The Right Trust Can Yield Tax Advantages For Wealthy Clients
APRIL 30, 2018
High-net-worth clients with estates worth more than $11.18 million per taxpayer must still pay estate taxes under reform. Such clients looking to pass on wealth may now want to look at non-grantor trusts, potentially more attractive due to the Tax Cuts and Jobs Act.
In a non-grantor arrangement, the trust owns the assets in the trust and is responsible for taxes for income retained by the trust. This differs from a grantor trust, in which the donor who established the trust retains control of the assets but also pays the necessary i
The possible benefit of a non-grantor trusts “is new, complicated and very different. Almost no clients or taxpayers have a clue of any of this,” said attorney Martin Shenkman, an estate planner in Fort Lee, N.J., and founder of Shenkman Law firm.

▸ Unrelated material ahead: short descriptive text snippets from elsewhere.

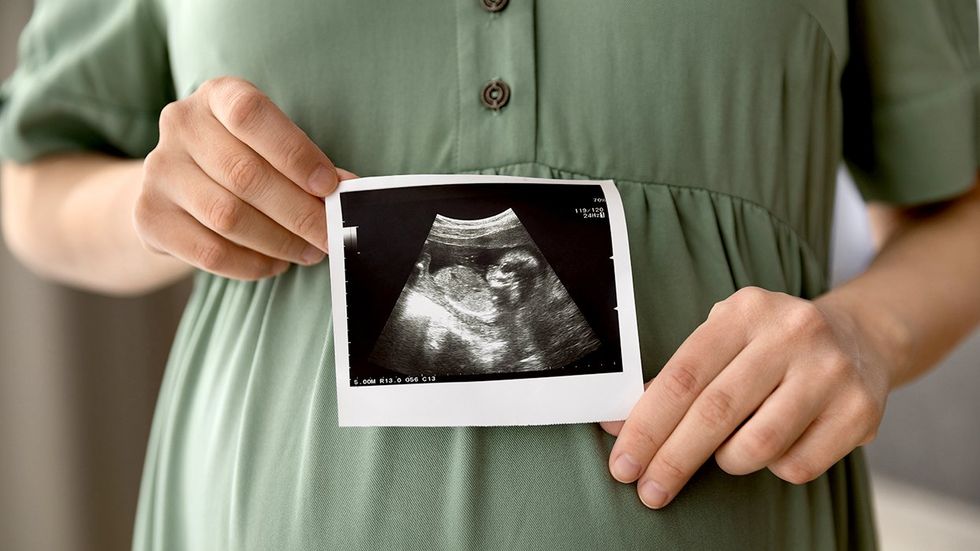 pregnant person holding ultrasound picture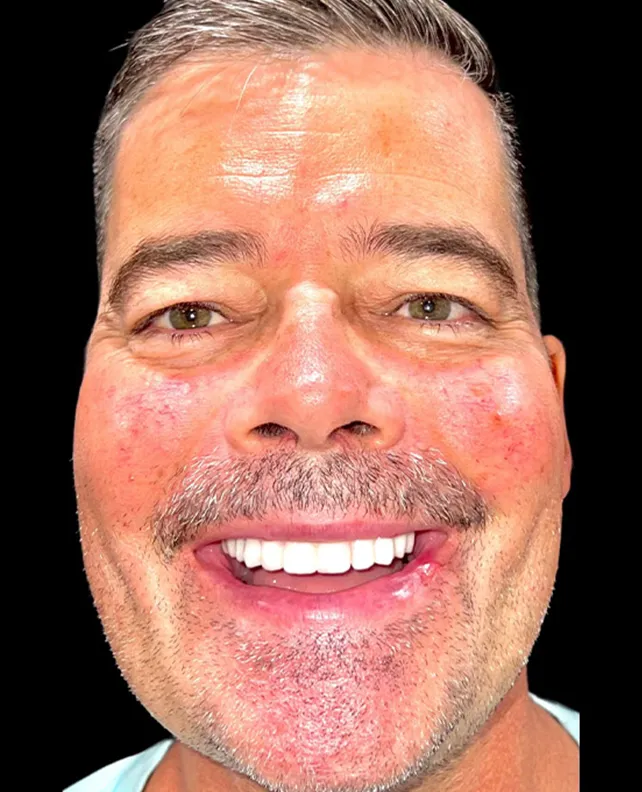 dental implant patient after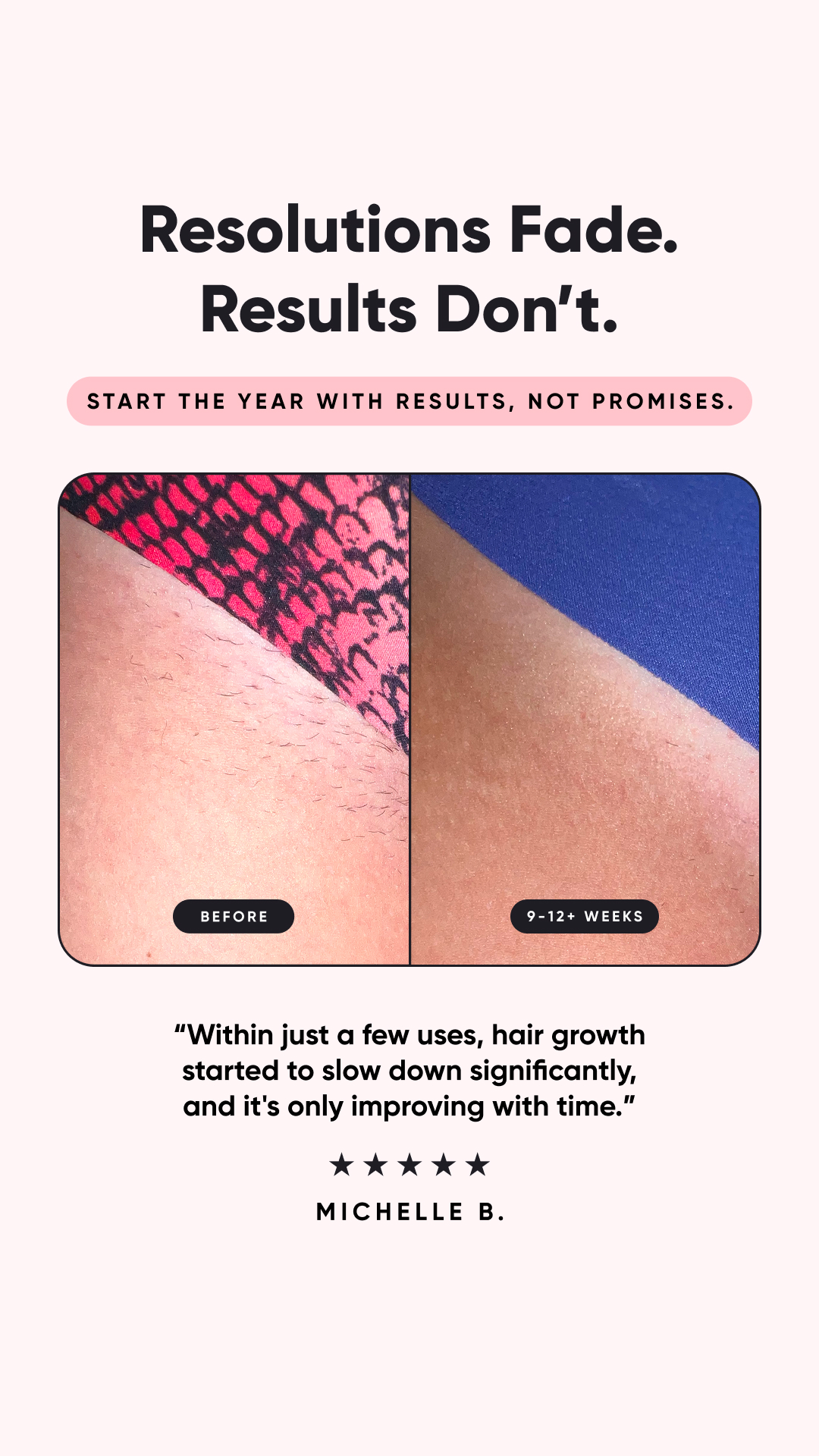 Rose Skin Co Facebook ad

Opinions differ on the effectiveness of these strategies, and client circumstances are key to using the right trust.
“If the client has wealth above the estate exemption amount … using an irrevocable grantor trust is still probably the best vehicle to transfer the most wealth to the next generation,” said Larry Powell, CPA, CFP and shareholder with Clark Schaefer Hackett in Dayton, Ohio. But tax reform did affect trust planning in connection with new $10,000 deduction limits on state, local and real estate (SALT) taxation, Powell and others agreed.
Ideal income tax savings come on the state and local side, said Lisa Rispoli, a CPA and partner-in-charge of trust and estate services with Grassi & Co. in Jericho, N.Y. “A trust that isn’t mandated to distribution income will greatly benefit if established as a resident trust of a state with no income tax,” she said, adding that residency rules differ drastically state to state.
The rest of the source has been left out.